Radiohead frontman Thom Yorke gets to the meat of matters in his latest published interview with Believer Magazine, it covers all kinds of bases, including inevitable discussion of digital music and the future of creativity in the digital age…
On file-sharing, Yorke says: “Right, and if you forget about the money issue for just a minute, if it’s possible to do that – because these are people’s livelihoods we’re talking about – and you look at it in terms of the most amazing broadcasting network ever built, then it’s completely different. In some ways, that’s the best way of looking at it. I mean, I don’t spend my fucking life downloading free MP3s, because I hate the websites. No one seems to know what they’re talking about. I’d much rather go to sites like Boomkat, where people know what they’re talking about.

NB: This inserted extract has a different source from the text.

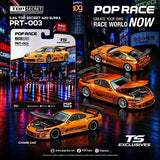 TOP SECRET A80 SUPRA GT300 ORANGE CHROME 11/pcs+1/pcs Chase ※不設寄送《26年10月預定》 行版 全數$1490 / ※不設寄送 / 26年6月8日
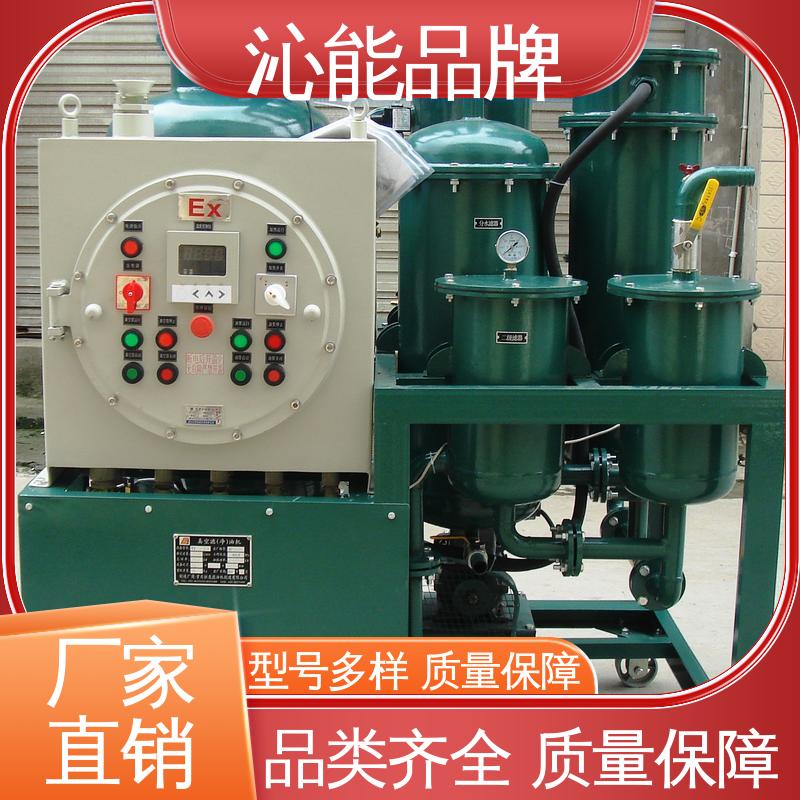 沁能品牌 分离出油中水分杂质 贺德克真空滤油机 过滤拉丝油 售后无忧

We note Yorke’s appropriate choice of online music site there – we’ve been working in the belief that as digital music matures we’ll experience it through a loose but growing network of genre-based and enthusiasts sites, even if the back end comes from the likes of iTunes and 7digital. His articulation of this notion is pretty cool.

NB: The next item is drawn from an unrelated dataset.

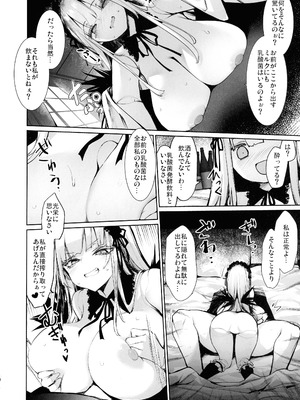 (C107)[冬扇草堂 (冬扇)] 銀様も搾りとられたい(ローゼンメイデン)_06_mxop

“It’s like when I used to go to music shops in Oxford. You’re looking at this and you’re looking at that and there’s a whole line of other things going down the side saying, “You’ll probably like this,” and “You might like this.””
On the In In Rainbows pay what you like venture, Yorke seems incredibly pleased…he saw the experiment as a way to achieve dialogue with fans to help convince them music is valuable; as an incredibly successful web-based promotion that enabled the band to completely side-step conventional press and PR; and yeah, it made a lot of money for the band.
Yorke also admits the band is moving toward short-form releases and away from albums, confessing, “none of us want to go into the creative hoo-hah of a long play record again.”